Gabriel scoffs, pretending to look affronted. "Excuse you, I am not in love."
"The goo-goo eyes and the horrible flirting say differently." Anna pipes up. She turns to Luke. "He's gone moon-eyed over Sam Winchester."
"Aww!" Luke coos. He pinches Gabriel's cheek who swats his hand away. "My little Gabby's fallen in wuv!"
"Shut up, I am not in love."
"On the contrary. You seem to have a particular affinity for Sam." Castiel says from his spot.
"See!" Balthazar says excitedly. "Even Castiel can see you have the hots for him and we know Cassie's one of the most oblivious persons alive!"
Castiel narrows his eyes at Balthazar.
"Yeah well, Castiel's a stoic ass!" Gabriel retorts.
"Hey!" Castiel shouts, clearly offended.
"Anyways," Anna interrupts loudly before they continue their childish spat. "Isn't he too young for you?"
"Oh sure, rag me on my age. I'm only thirty five, fuck you very much." Gabriel growls out. "He's what, twenty two? Twenty three at the latest?"
"So you admit you wanna get on with him?" Anna asks. "He's legal."
Gabriel splutters. "N – no! I don't! And besides, what if I do? I'm sure we have some policy against dating co-workers."
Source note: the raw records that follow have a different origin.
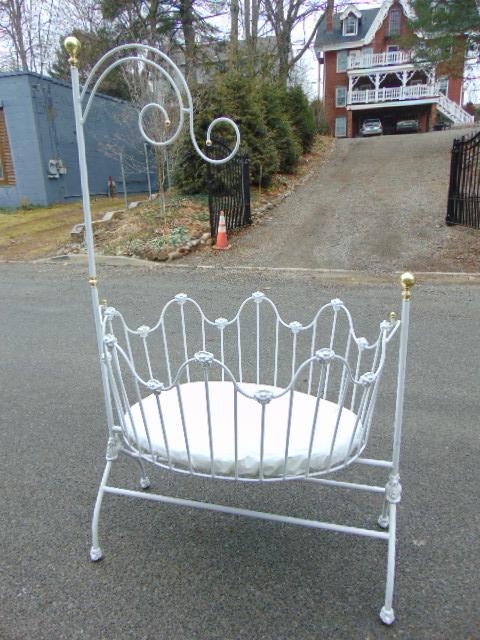 2 iron rocking bassinets cradles on stand, white: 2 iron rocking bassinets cradles on stand, white paint, with brass finials, balls, crib is 41.5" wide, 32.25" deep, height is 76".One crib has loose post, see last image.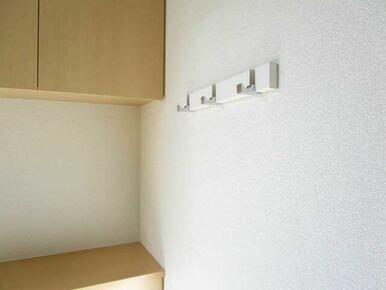 玄関にはコート等をかけられるフック付きです。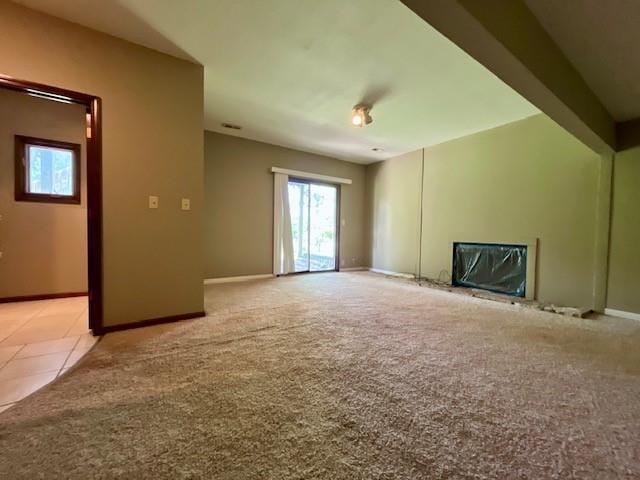6960 Dancaster Rd, Topeka, KS 66610 - unfurnished living room featuring plenty of natural light and light colored carpet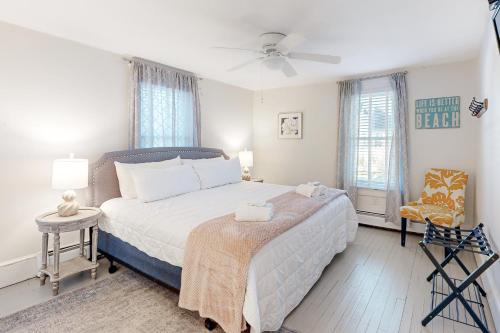 a bedroom with a large bed with a ceiling fan at Town of Rehoboth Beach 45 Baltimore Ave in Rehoboth Beach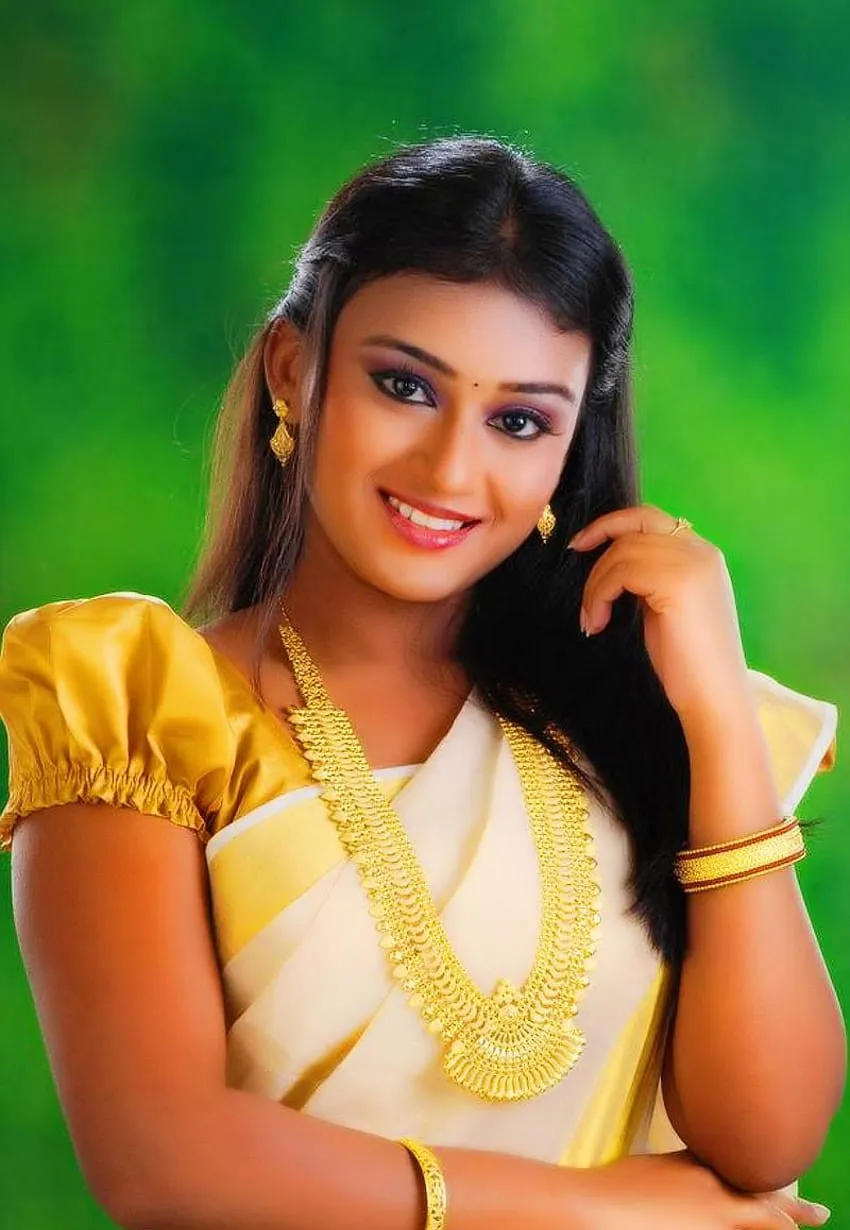 Varada in a traditional Kerala saree with a green background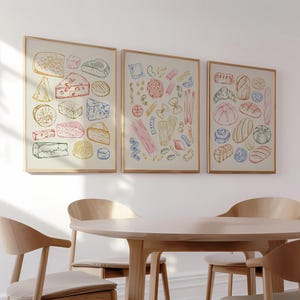 Può includere: Tre illustrazioni incorniciate di cibi. La prima cornice presenta una varietà di formaggi in tonalità di giallo, arancione, rosa e blu. La seconda cornice presenta una varietà di forme di pasta in tonalità di giallo, arancione, rosa e blu. La terza cornice presenta una varietà di forme di pane in tonalità di giallo, arancione, rosa e blu.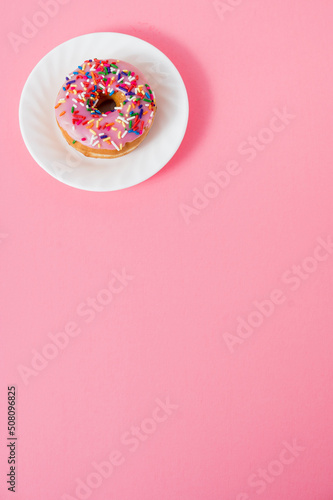 pink sprinkle donut on white plate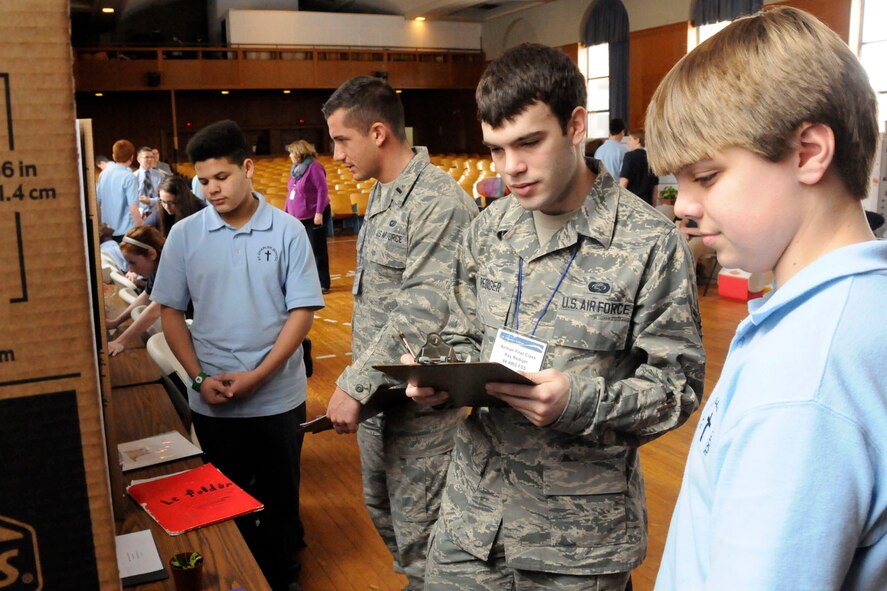 WOBURN, Mass. – 1st Lt. Evan Porter and Airman 1st Class Ray Rediger judge science fair projects at the St. Charles School here March 13. Students in grades five through eight displayed their projects for six volunteers from Hanscom. (U.S. Air Force photo by Linda LaBonte Britt) 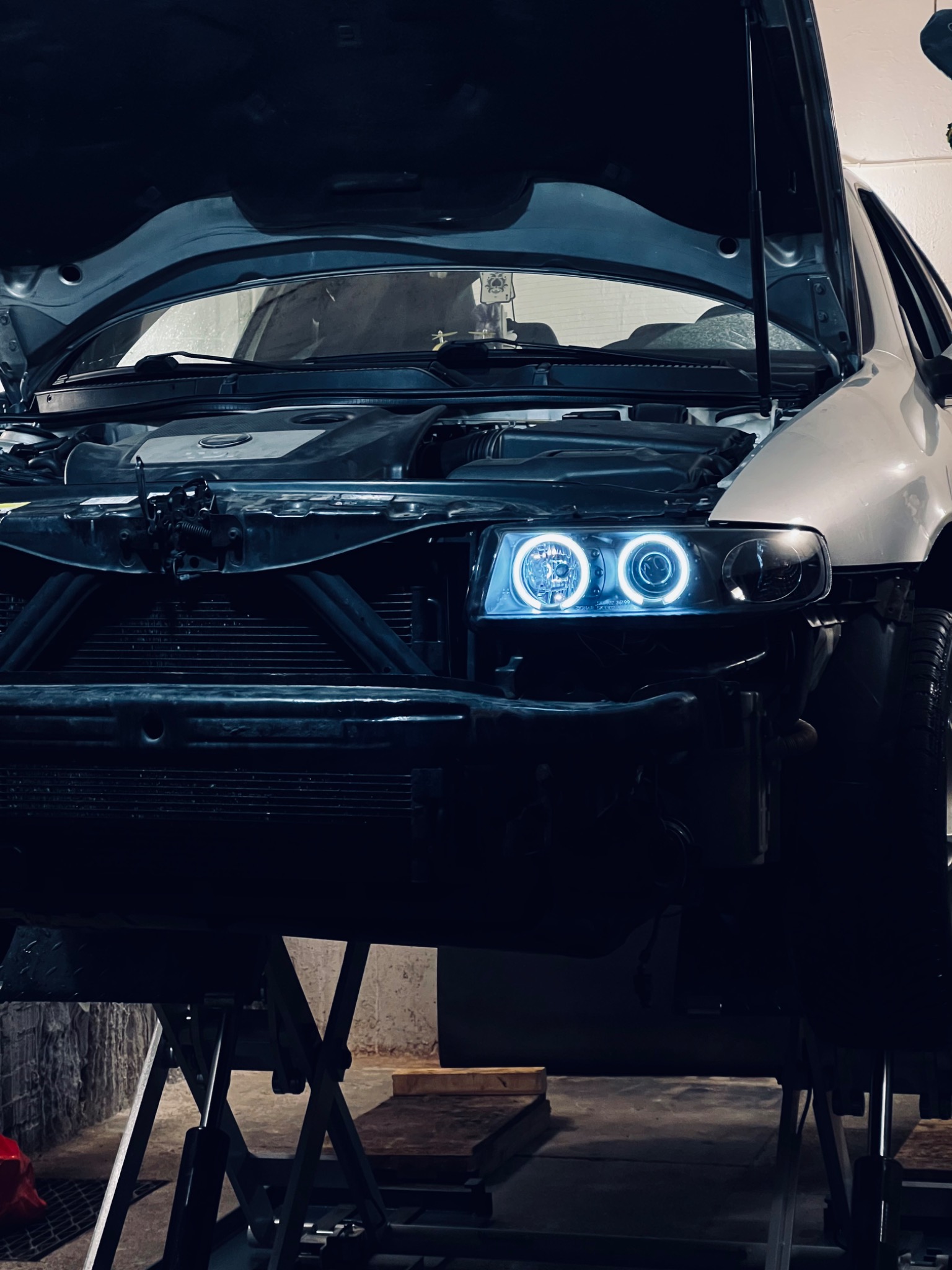 Srebrny samochód z otwartą maską, podniesiony na podnośniku; widoczne okrągłe, niebieskie światła LED w reflektorach.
"Actually we don't." Castiel replies. "Since we're all relatives working here, I highly doubt a policy such as that would be put into effect. What are the odds we start dating each other?"
"Will you all stop it!" Gabriel grumbles. "I am not in love!"
"Look, Sam came back!" Anna shrieks.
Gabriel whips his head around. "Where?"
That sends everyone howling with laughter. Even Castiel cracked a grin.
"Oh I hate all of you. I'm going home and I will drown my sorrows with a tub of Ben & Jerry's and you're not invited!" Gabriel huffs, grabs his coat and leaves dramatically, slamming the front door on his way out.
"Aww, poor Gabey! He's gonna go all emo on us again!" Luke mocks. Gabriel comes back to flip him off before leaving again.
"Think we were too hard on him?" Castiel asks.
Balthazar, Luke and Anna all looked at each other. "Nah." They said in unison.